Does your baby have smelly summer feet? Here are a few home remedies that can take away that stink.
Babies are just full of strange odors. That’s probably no surprise to any mom, but what may be surprising to some new moms is that sometimes a terrible odor can come from an expected place: their feet.
We usually associate bad foot odors with star athletes and runners who spend all day in a pair of sneakers that wind up smelling like everyone in a gym locker room died in a set of footwear. But bad smells can even hit the extremely young, especially if your baby spends a lot of time outdoors in a single pair of shoes.
Luckily, getting rid of a baby’s foot odors is usually a lot easier than fixing an adult’s. Also, the solutions are basically the same for infants as they are for full-grown children, er, I mean husbands.

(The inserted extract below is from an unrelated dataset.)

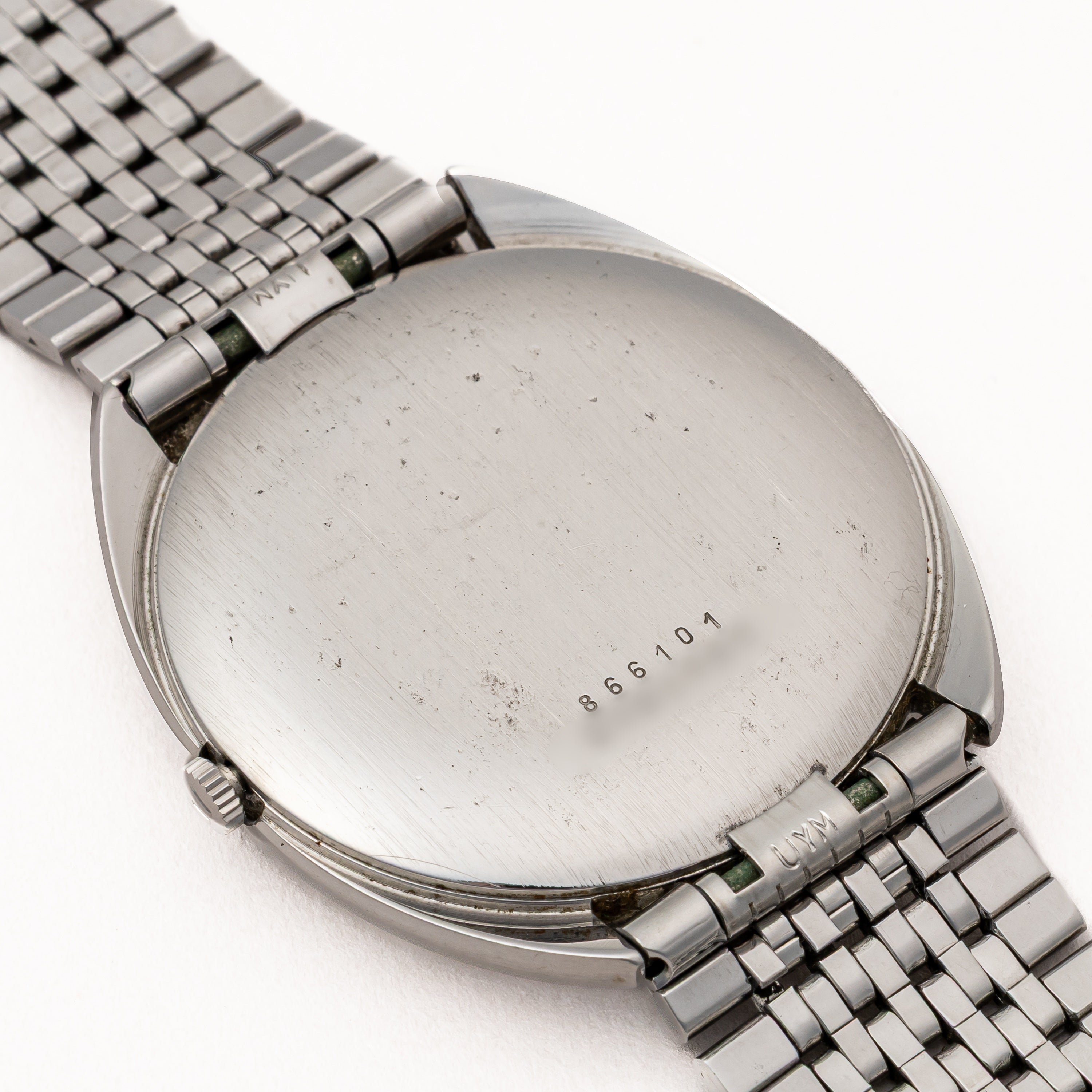 ユニバーサル ホワイトシャドウ ウルトラスリム マイクローター自動巻 1970年代製 純正ブレス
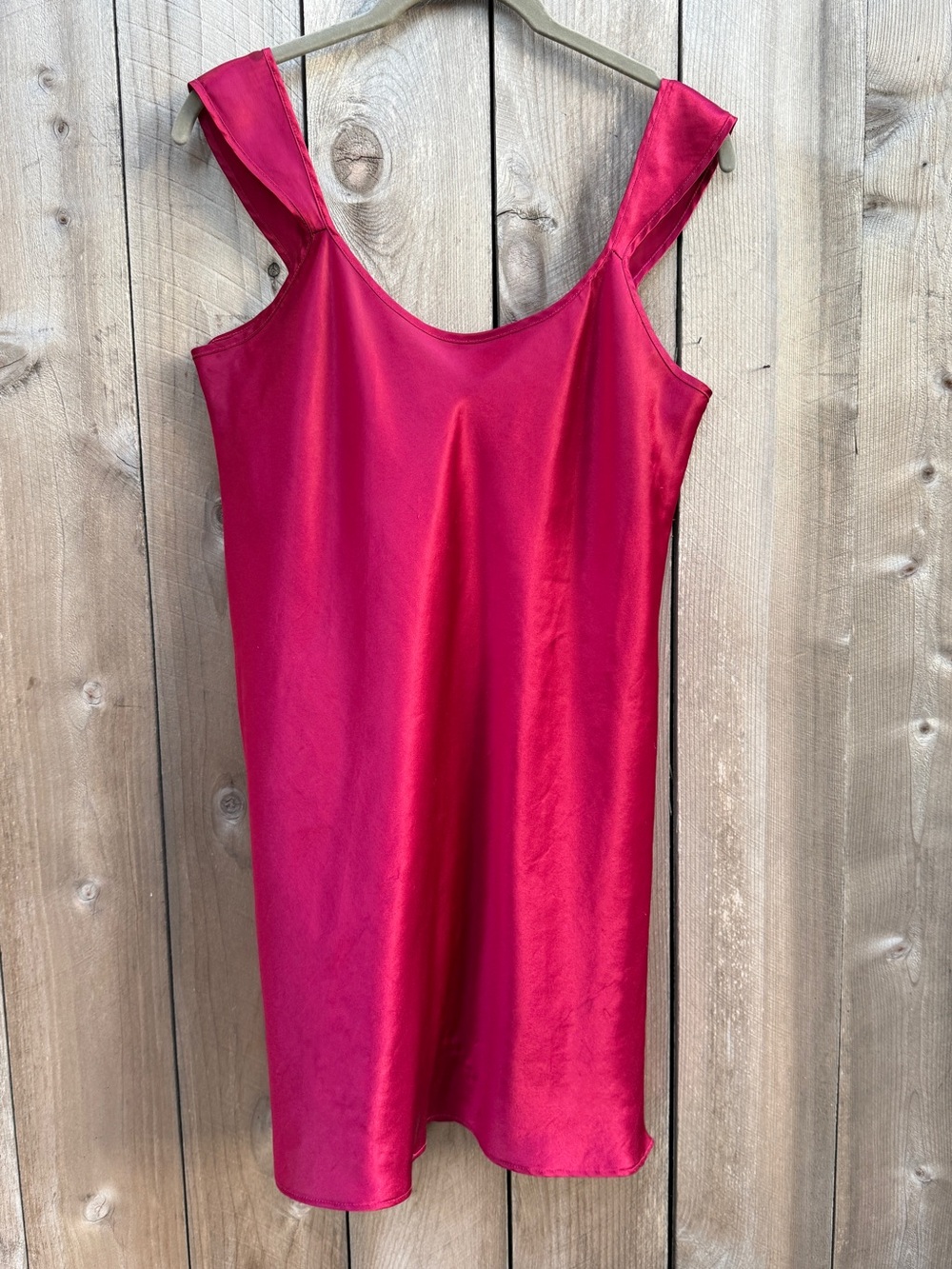 Woolworths Burgundy Satin Slip Dress Scoop Neck Retro Size 16 GUC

We’ll start with the one baby-centric solution to foot smells. If you’re lotioning up your baby’s feet then you might want to skip it when they start to smell. Foot odors are almost always caused by bacteria, which breed and feed in moisture. Some can even feed on the lotion you’re applying to keep your baby’s feet all smooth and soft. But if those feet start to smell it could be because of over-applying cream. If that happens, cut back on the essential oils or just skip them altogether.
Your second fix for smelly feet is cotton socks. Cotton tends to be more absorbent than moisture-wicking synthetic fibers, so it can cut down on a foot’s humidity problems. But it also tends to suck up some of the bacteria that might be causing a funk. The solution here is to simply remove your baby’s socks and cycle them out regularly to prevent a buildup.
The third solution is to buy more shoes. Bacteria can also build up in shoes if your baby spends a lot of time in a single pair, and sometimes the time between having a toddler’s tootsies stuffed in them isn’t enough time for them to air out (and thus have that bacteria die-off to the point of not smelling anymore). You don’t need to have a closet full of baby shoes, but one or two extra pairs can really help cut down on sneaker smells.
Our next fix is to just wash your little one’s feet with something antibacterial. There are plenty of soaps that do that, although you’ll want to be sure that the one you pick up is gentle enough for your baby’s skin. You can even use white vinegar if you’re really cash-strapped, although then your baby’s feet will smell like vinegar instead of soap. But perhaps that’s better than foot smell?
Finally, you can use cornstarch, talcum, or just plain old baking soda. Put a thin layer of the stuff on your toddler’s hind paws to cut back on moisture in the same way an adult might use Gold Bond. But don’t actually use Gold Bond–that stuff is a little more potent than a baby’s feet can endure.